- Coat of arms
- Location of Schüller within Vulkaneifel district
- Schüller Schüller
- Coordinates: 50°20′6.42″N 6°34′20.61″E﻿ / ﻿50.3351167°N 6.5723917°E
- Country: Germany
- State: Rhineland-Palatinate
- District: Vulkaneifel
- Municipal assoc.: Gerolstein

Government
- • Mayor (2019–24): Guido Heinzen

Area
- • Total: 4.36 km^{2} (1.68 sq mi)
- Elevation: 564 m (1,850 ft)

Population (2022-12-31)
- • Total: 290
- • Density: 67/km^{2} (170/sq mi)
- Time zone: UTC+01:00 (CET)
- • Summer (DST): UTC+02:00 (CEST)
- Postal codes: 54586
- Dialling codes: 06597
- Vehicle registration: DAU
- Website: www.schueller-eifel.de

= Schüller =

Schüller is an Ortsgemeinde – a municipality belonging to a Verbandsgemeinde, a kind of collective municipality – in the Vulkaneifel district in Rhineland-Palatinate, Germany. It belongs to the Verbandsgemeinde of Gerolstein, whose seat is in the municipality of Gerolstein.

== Geography ==

The municipality lies in the Vulkaneifel, a part of the Eifel known for its volcanic history, geographical and geological features, and even ongoing activity today, including gases that sometimes well up from the earth.

== History ==
The village’s beginnings apparently lie in a Roman military post named Scolinaria on a road leading from Steffeln by way of Glaadt to Cologne. It may well have been a forward post of the Roman castrum of Icorigium (now Jünkerath).
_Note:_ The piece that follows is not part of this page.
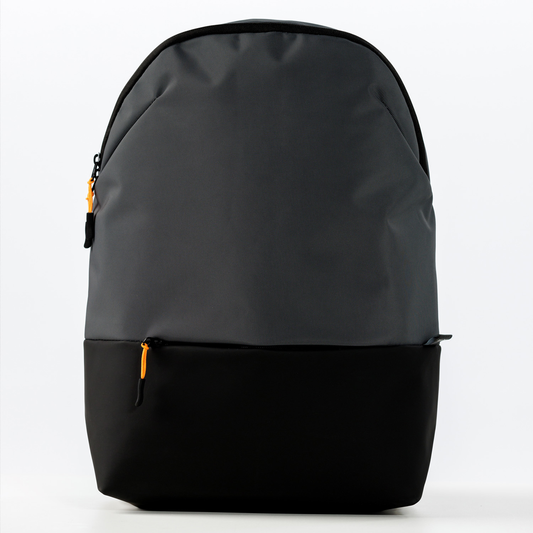The Active Backpack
On 19 September 855, Schüller had its first documentary mention as Sconilare. It was the last document issued by Carolingian Emperor Lothair I, coming mere days before his death, and it dealt with the partition of his empire among his three sons.
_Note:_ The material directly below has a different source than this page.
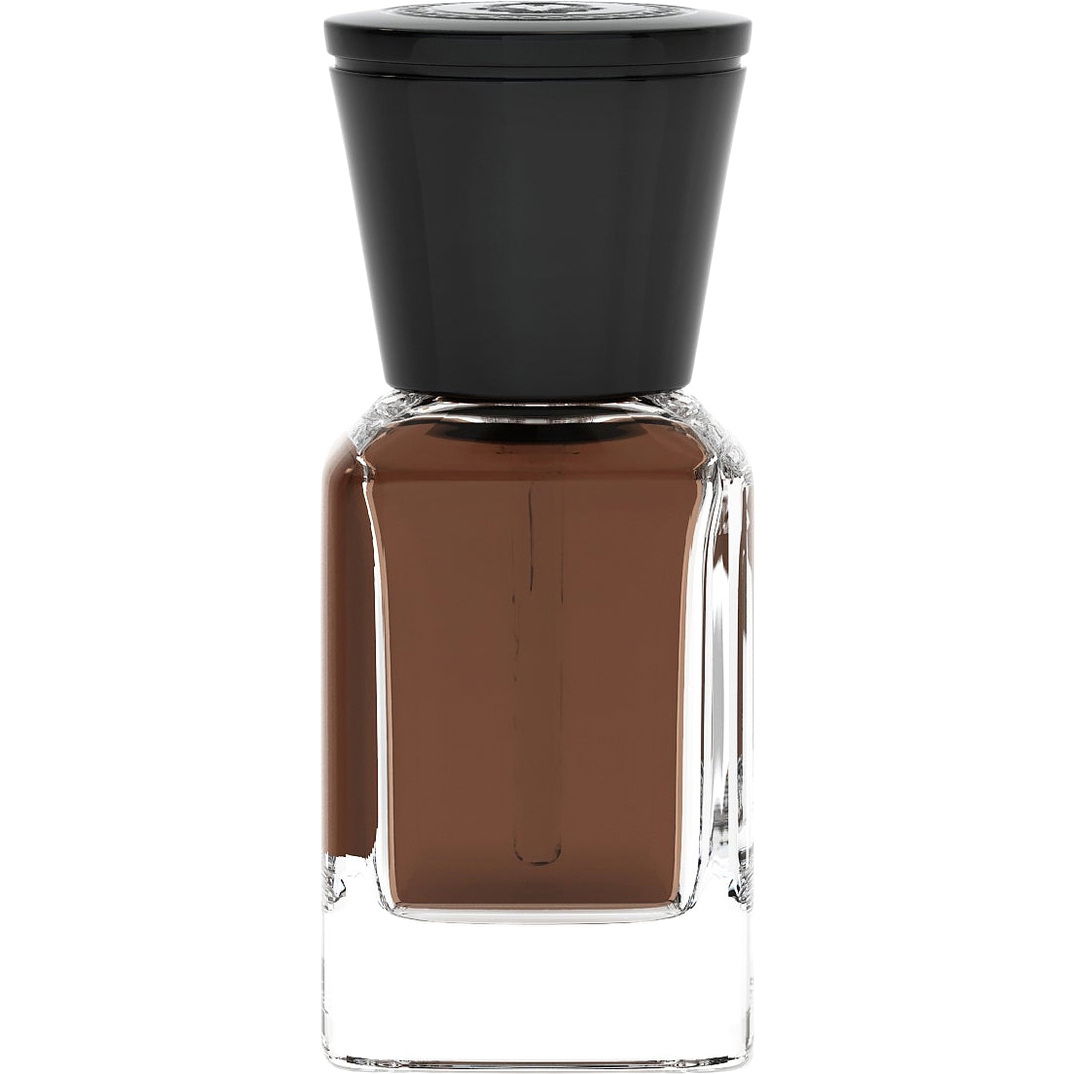 Omanluxury Oud Hindi VIP Perfume Bottle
Until the 14th century, there is hardly any mention of Schüller. In 1586, Schüller was supposedly held as a fief by the Lord of Schönberg and Hartelstein. Hugo Augustin von Schönberg pledged the village in 1609 to Count Arnold of Manderscheid-Blankenheim. In 1727, Schüller was under the Lordship of Kronenburg.

Following the 1795 Peace of Basel after the War of the First Coalition, Schüller passed to the French Department of Ourthe, but not long afterwards, in 1815, as a result of the War of the Sixth Coalition, it passed to Prussia.

Today, Schüller is a small, typical Eifel village; there is hardly any commercial activity and only the odd full-time farmer. Several artists, however, have come to live in the village, among others, Georg Meistermann.

== Politics ==

=== Municipal council ===
The council is made up of 8 council members, who were elected by majority vote at the municipal election held on 7 June 2009, and the honorary mayor as chairman.

=== Mayor ===
Schüller’s mayor is Guido Heinzen.

=== Coat of arms ===
The German blazon reads: Schild, neunfach von Silber und Blau geteilt, in der Mitte ein silberner Pfahl, darin ein aufgerichtetes, blaues Schwert mit goldenem Griff.

The municipality’s arms might in English heraldic language be described thus: Barry of ten argent and azure, a pale of the first upon which a sword of the second hilted Or, the point to chief.

Interesting here is that German heraldic terminology calls the field pattern neunfach … geteilt (“ninefold divided”) and English heraldic terminology calls it “barry of ten”.

== Culture and sightseeing ==

=== Buildings ===
- Saint Paul’s Catholic Parish Church (Pfarrkirche St. Paul), Kirchstraße 8 – Late Gothic Revival hall church, 1910, architect: F. Statz, Cologne.
- Near Kirchstraße 2 – wayside cross, post-Baroque shaft cross from 18(?; last two digits unclear).